ONTD Political

Ex-offenders deserve a chance in the workplace

3:05 pm - 01/30/2013
Possible trigger warning: assault

The government is finally facing calls to change criminal records laws following Lord Dyson's judgment that the current system breaches a person's right to privacy. The judgment arose following the case of a 21-year-old who had been forced to disclose a warning he received as a child for stealing two bicycles.

Coverage of the story so far has involved people with "media-friendly crimes". Mine isn't as endearing as that and is unlikely to be featured in arguments in favour of the new ruling, but I still believe the system should afford myself and others more protection than it currently does.

Between the age of 16 and 18 I gleefully chucked a lifetime of straight As behind me to go off the rails, believing myself to be the female incarnation of Begbie from Trainspotting. I was swiftly removed from school and placed in a pupil referral unit for children with behavioural and mental health problems. Somewhere between leaving the unit and getting kicked out of the house by my parents, I hit another girl at a party – to the point where she needed three stitches. A year later I was fined £100 – relatively low as assault fines go, but as my lawyer assured me, "they don't put away nice girls like you".

Since my first and last attempt at fighting, I've duly ticked all the boxes for things middle-class people seem to find impressive. I've completed an MA. I edited the university newspaper and won a scholarship to train as a journalist. I was nominated for a Guardian Student Media award, despite having never opened a copy of it until I was 22 (people don't read broadsheets where I'm from). The older I got, the more my conviction was a blip in an otherwise uninterrupted crescendo of achievement.

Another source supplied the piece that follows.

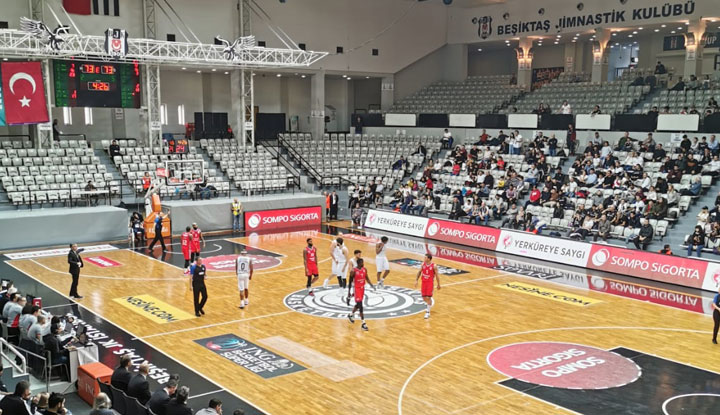 Beşiktaş Sompo Sigorta, Bahçeşehir Koleji'ne mağlup oldu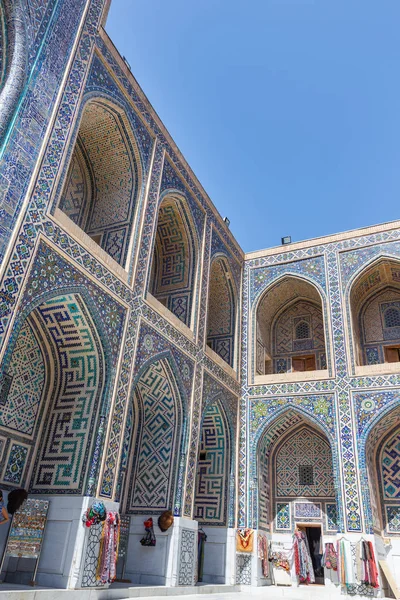 Mosaïque à Ulugh Beg Madrasah à Samarkand, Ouzbékistan — Photo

My sentence was more than eight years ago, so is long since spent under the Rehabilitation of Offenders Act (ROA). In fact, it was only when I became interested in working with people who were disadvantaged and socially excluded that my confidence in applying for work abruptly disappeared, thanks to the enhanced criminal records check (the former CRB checks now called DBS checks). More specifically, the inconsistency from one company to the next when it comes to handling applicants with a blemished DBS (Disclosure and Barring Service) record is staggering. Despite my experience, education and training, every time I start a new job working with vulnerable people I'm at the mercy of employers' individual policies and beliefs on recruiting ex-offenders. The statistics only confirm my view that the ROA does little to protect people, with a paltry 20% of employers knowingly employing an ex-offender even though evidence has consistently shown that they work more, not less, as the result of constantly feeling they have to prove people wrong.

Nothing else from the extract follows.